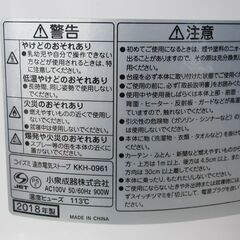 💗ヒーター💗ほぼ未使用💗コイズミカーボンヒーター９００／４５０Ｗ　遠赤外線　即暖２秒の画像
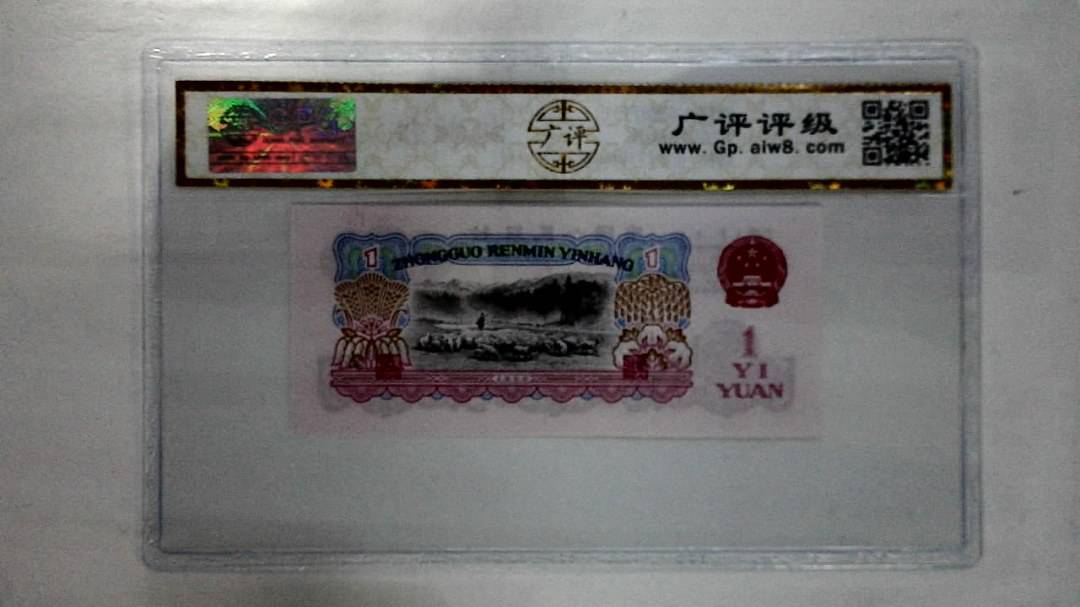 1960年壹圆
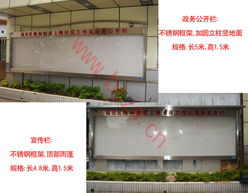 深圳市博創廣告展示策劃行在生物研發領域的創新探索
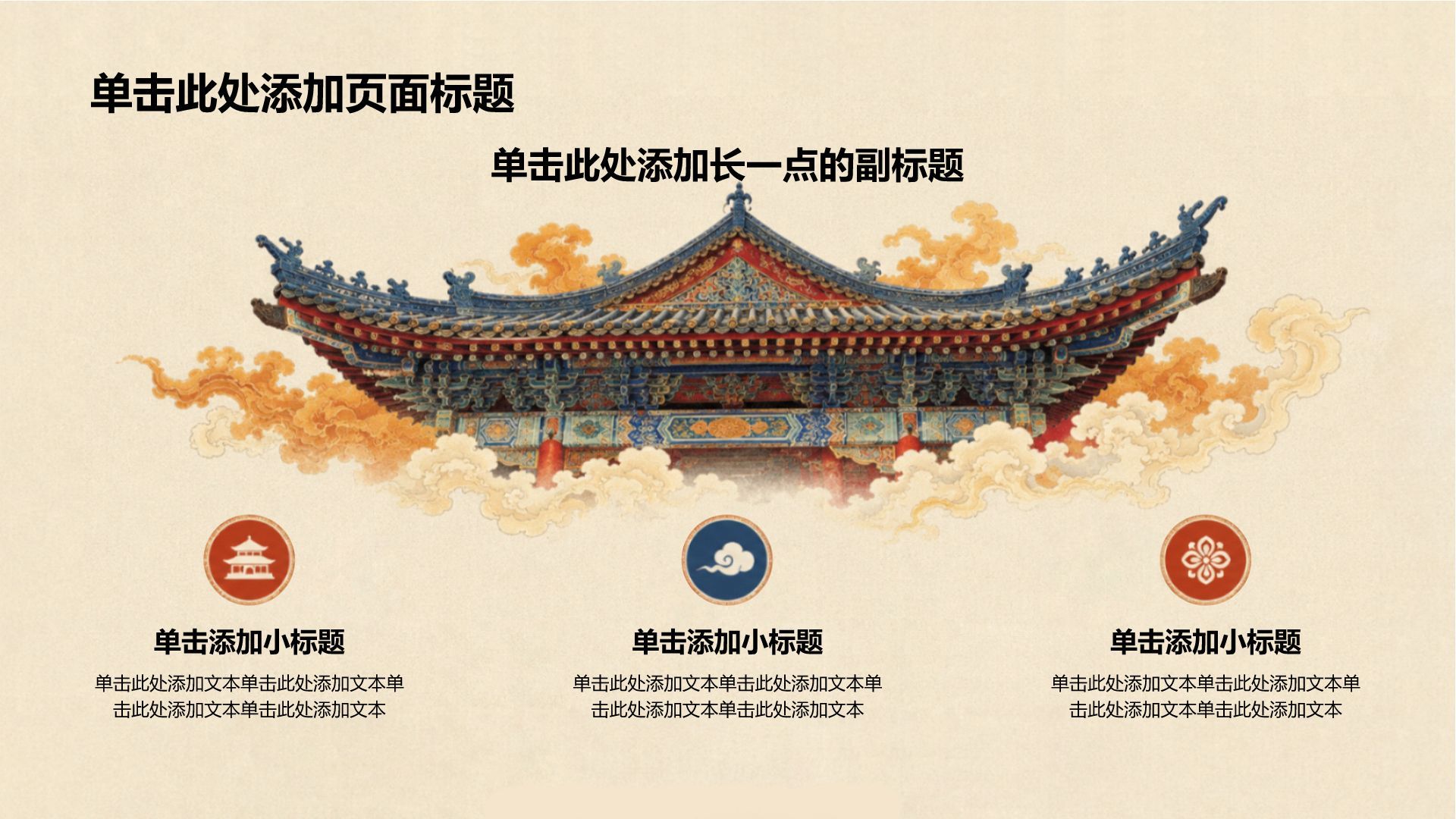红色国潮风党政通用模版PPT模板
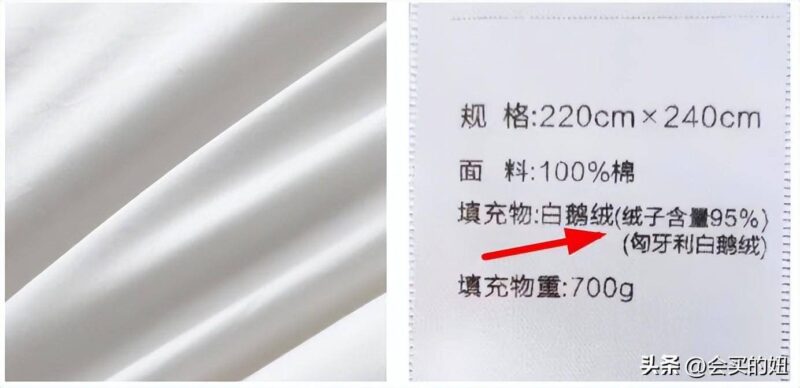 床上用品十大排行榜(含被子特点及挑选攻略)-1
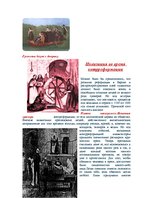 Referāts 'Контрреформация', 4.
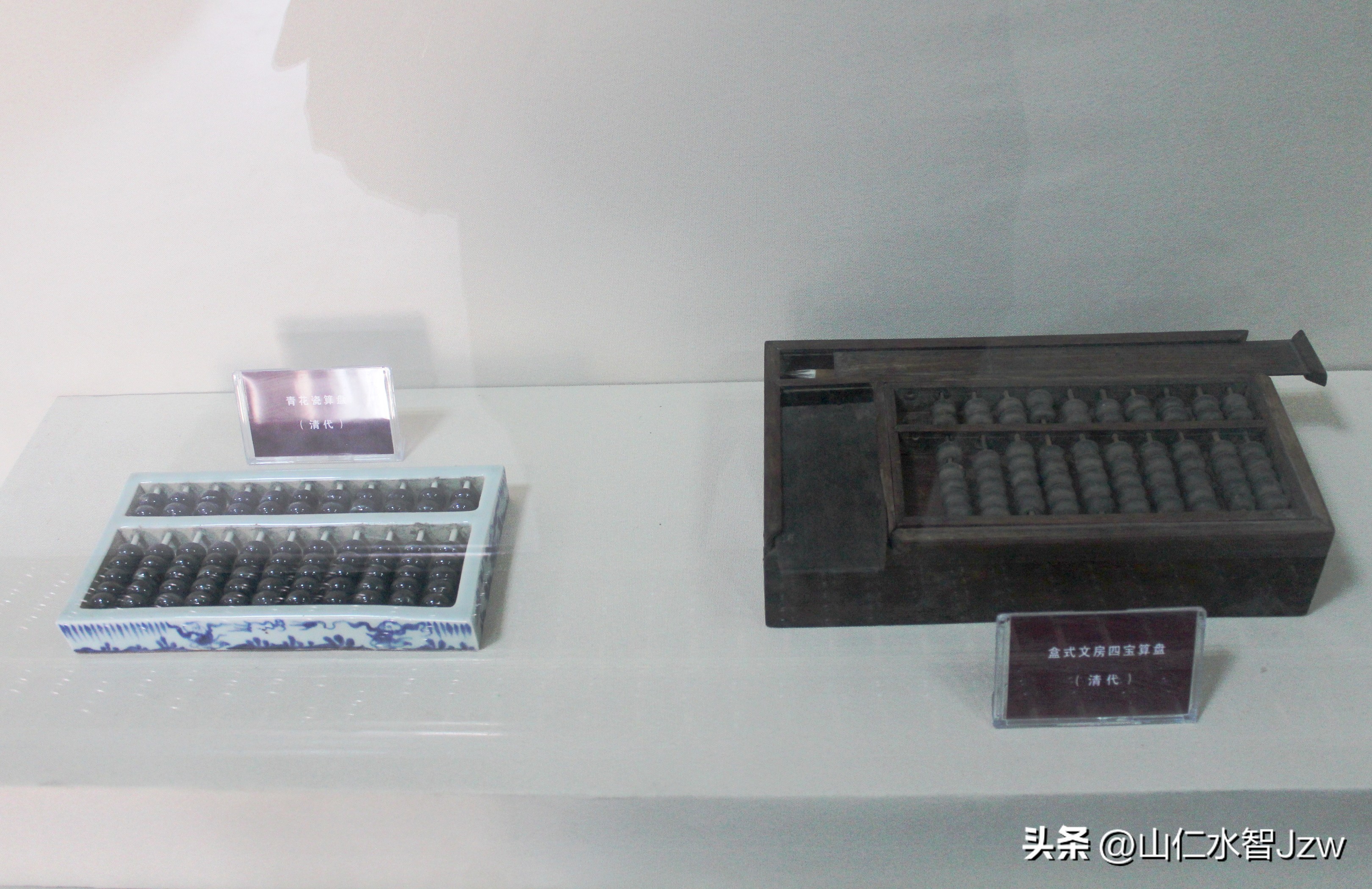 祁县具展(35)2011-10-24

★ ★ ★ ★ ★ ★ ★

- **YOUR INSTRUCTIONS**: Write out exactly the lines beginning with the line that holds "床上用品十大排行榜(含被子特点及挑选攻略)-1" and ending with the final line of the data, both ends included, without the pictures.

- **FINAL ANSWER**:
 床上用品十大排行榜(含被子特点及挑选攻略)-1
 Referāts 'Контрреформация', 4.
 祁县具展(35)2011-10-24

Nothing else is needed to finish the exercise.